Configuration reference

Introduction

This document describes all available configuration options for d8a.

When multiple configuration sources are provided, values are resolved in the following order of precedence:

  • CLI flags (highest priority)
  • Environment variables
  • YAML configuration file (lowest priority)

The configuration file is a YAML file. You can specify a custom location using the --config or -c flag.

Configuration keys


--dbip-destination-directory

Directory where the DB-IP database files are stored after downloading from the OCI registry. If the database already exists at this location, the download is skipped. Defaults to a temporary directory if not specified.

Configuration key: dbip.destination_directory
Environment variable: DBIP_DESTINATION_DIRECTORY

Default: /tmp/dbip


--dbip-download-timeout

Maximum time to wait for downloading the DB-IP MaxMind database from the OCI registry during program startup. If the download exceeds this timeout, the program will fail to start with DBIP columns enabled.

Configuration key: dbip.download_timeout
Environment variable: DBIP_DOWNLOAD_TIMEOUT

Default: 1m0s


--dbip-enabled

When enabled, adds geolocation column implementations (city, country, etc.) using DB-IP database. On program startup, downloads the DB-IP database from the OCI registry (ghcr.io/d8a-tech). The database is cached locally and reused on subsequent runs if already present.

Configuration key: dbip.enabled
Environment variable: DBIP_ENABLED


--device-detector-provider

Device detector provider (dd2 or stub)

Configuration key: device_detector.provider
Environment variable: DEVICE_DETECTOR_PROVIDER

Default: dd2


--filters-conditions

Array of filter conditions for traffic filtering. Each condition is a JSON-encoded string with fields: 'name' (string identifier), 'type' (exclude or allow), 'test_mode' (boolean), 'expression' (filter expression). Example: {"name":"internal_traffic","type":"exclude","test_mode":false,"expression":"ip_address == '10.0.0.1'"}. Can be set via CLI flag, environment variable (FILTERS_CONDITIONS), or YAML config (filters.conditions). Conditions from flag/env are appended to YAML conditions.
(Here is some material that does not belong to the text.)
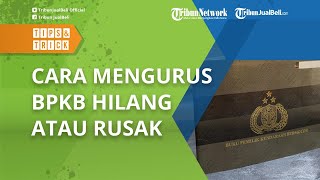 BPKB Hilang atau Rusak, Begini Cara Mudah Mengurusnya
See Traffic filtering for details.

Configuration key: filters.conditions
Environment variable: FILTERS_CONDITIONS


--filters-fields

Array of field names to make available to filter expressions. Can contain any event-scoped column names. These fields are injected into the expression environment and can be referenced in filter condition expressions. Example: ip_address, event_name, user_id, page_location. The default value includes ip_address for backward compatibility. See Traffic filtering for details.

Configuration key: filters.fields
Environment variable: FILTERS_FIELDS

Default: [ip_address]


--monitoring-enabled

Enable OpenTelemetry metrics

Configuration key: monitoring.enabled
Environment variable: MONITORING_ENABLED


--monitoring-otel-endpoint

OTel collector endpoint for metrics

Configuration key: monitoring.otel_endpoint
Environment variable: MONITORING_OTEL_ENDPOINT

Default: localhost:4317


--monitoring-otel-export-interval

Interval for exporting metrics to OTel collector

Configuration key: monitoring.otel_export_interval
Environment variable: MONITORING_OTEL_EXPORT_INTERVAL

Default: 30s


--monitoring-otel-insecure

Allow insecure (non-TLS) connection to OTel collector

Configuration key: monitoring.otel_insecure
Environment variable: MONITORING_OTEL_INSECURE


--property-id

Property ID, used to satisfy interfaces required by d8a cloud. Ends up as column in the warehouse.

Configuration key: property.id
Environment variable: PROPERTY_ID

Default: default


--property-name

Property name, used to satisfy interfaces required by d8a cloud. Ends up as column in the warehouse.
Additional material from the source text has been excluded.